*** Begin section ***

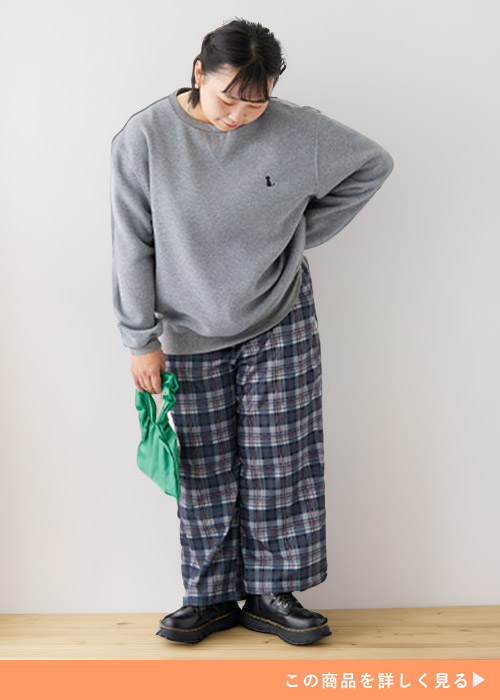 グレーのトレーナー×チャコールのチェック柄パンツを着る女性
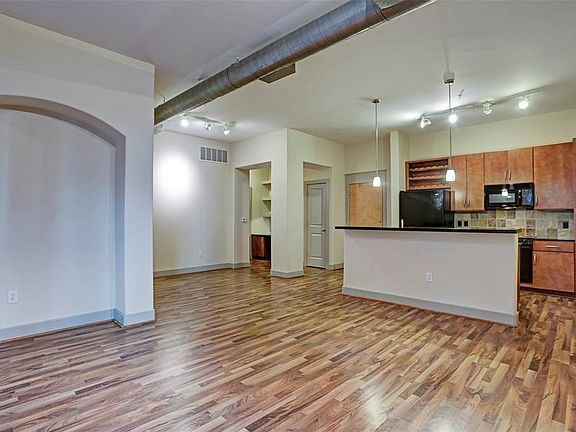 Open concept living, dining and kitchen combo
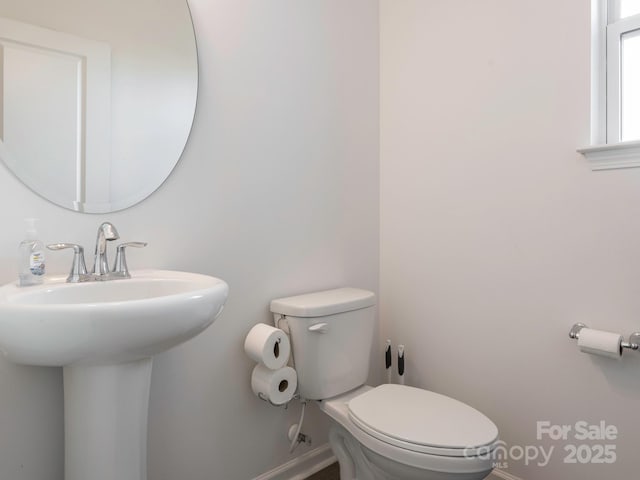 bathroom with toilet, baseboards, and a sink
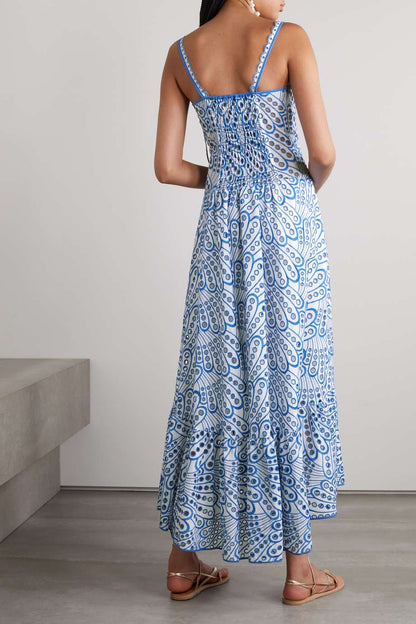 Woman in blue and white embroidered cotton maxi dress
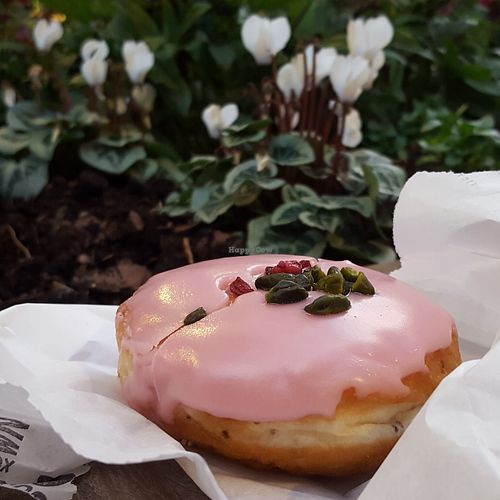 Vegan pomegranate and orange blossom doughnut at Crosstown Doughnuts - Victoria in London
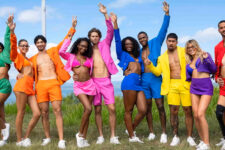 Group of diverse friends in neon-colored outfits posing outdoors with arms raised, against a blue sky and water.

*** End section ***

_What the exercise asks:_ Nothing but the lines from the start of the listing through the line with "Vegan pomegranate and" belongs in the answer, each one retyped exactly and without pictures.

_The answer:_
 グレーのトレーナー×チャコールのチェック柄パンツを着る女性
 Open concept living, dining and kitchen combo
 bathroom with toilet, baseboards, and a sink
 Woman in blue and white embroidered cotton maxi dress
 Vegan pomegranate and orange blossom doughnut at Crosstown Doughnuts - Victoria in London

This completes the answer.